Not to mention it would be an abysmal track record considering they initially tried to hit 12-15 months for new generations. Currently it has been
- Zen 2 -> Zen 3 -> 16 months
- Zen 3 -> Zen 4 -> 22 months
- Zen 4 -> Zen 5 -> 22 months
- Zen 5 -> Zen 6 (in 2027) -> 29+ months
I wouldn't hesitate to call it "an epic fail in delivery schedule" considering Zen 6 is supposed to be a rather minor architectural change.
Blame Intel for AMD’s slow cadence. AMD doesn’t really have any competition, so they aren’t going to speed run advancements.
Intel reported a D0 of <0.4 back in September 2024. Which is pretty good and similar to what TSMC is reporting, when Intel wants to release 18A products in H2/2025. The question is, if 18A has the same D0 reduction trend line.
Intel doesn’t have bad yields for the same reason TSMC doesn’t: EUV. EUV does much of the heavy lifting, so defect rates will be similar, especially since ASML is the only game in town.

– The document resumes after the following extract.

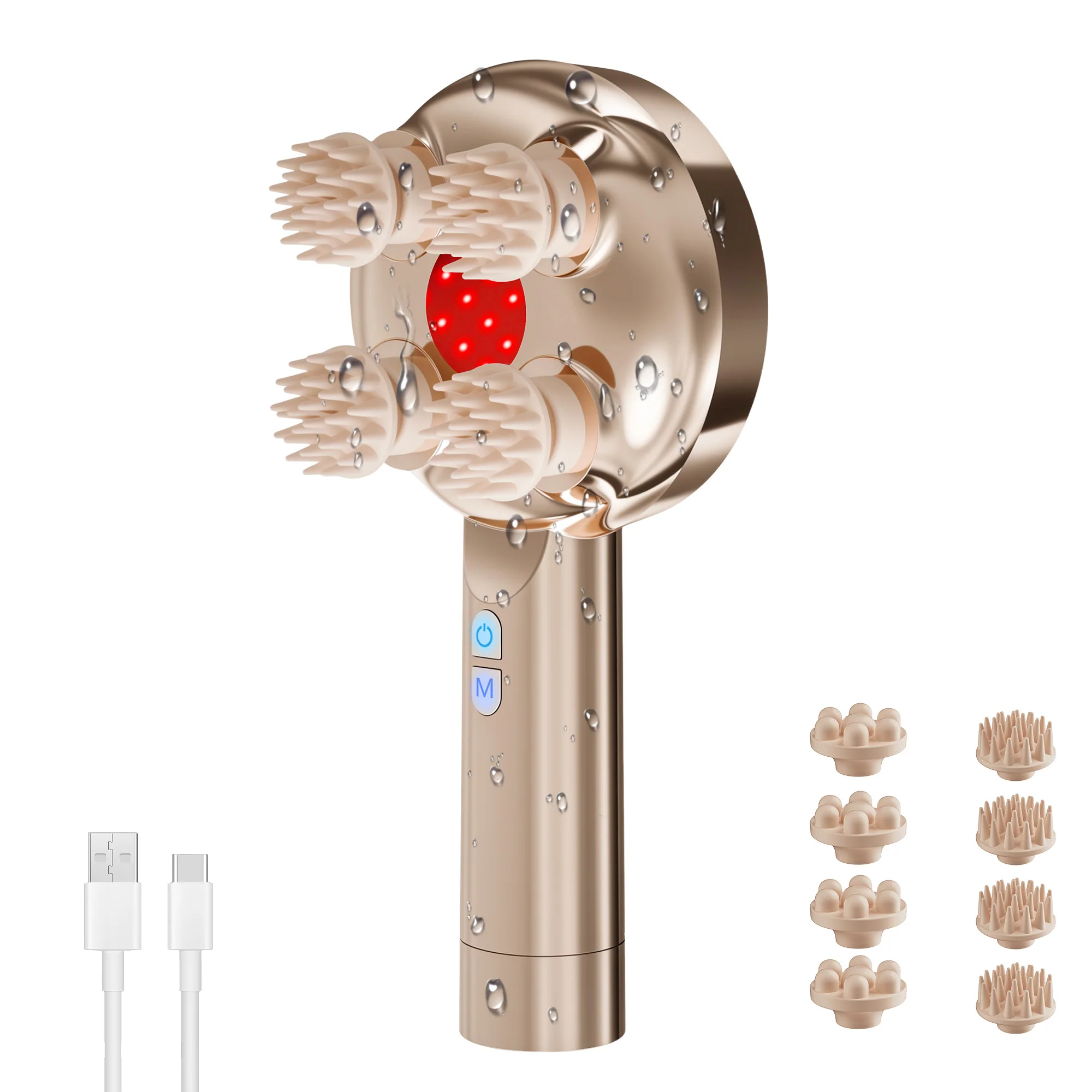 Cordless Handheld Scalp Massager with 8 Silicone Claws - 4507 - Image 10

That is why I’ve always called out the skeptical folks that claim yields are an issue. They aren’t and with all their recent stuff using EUV, never were.
For Intel: capacity is an issue, cost is an issue, supply chains are an issue, and brain drain is an issue.
Regarding capacity, while Intel does have capacity, they don’t have enough to support multiple nodes and multiple market segments (OEMs, DIY, server, etc) They also need some for outside customers, so it has been a pain on their end.
Intel ships a TON of stuff. Huge volumes of chips. More than AMD. Shoot, their volume at times has exceeded what TSMC was capable of putting out. That will probably happen again with TSMC N2*. We will see, however.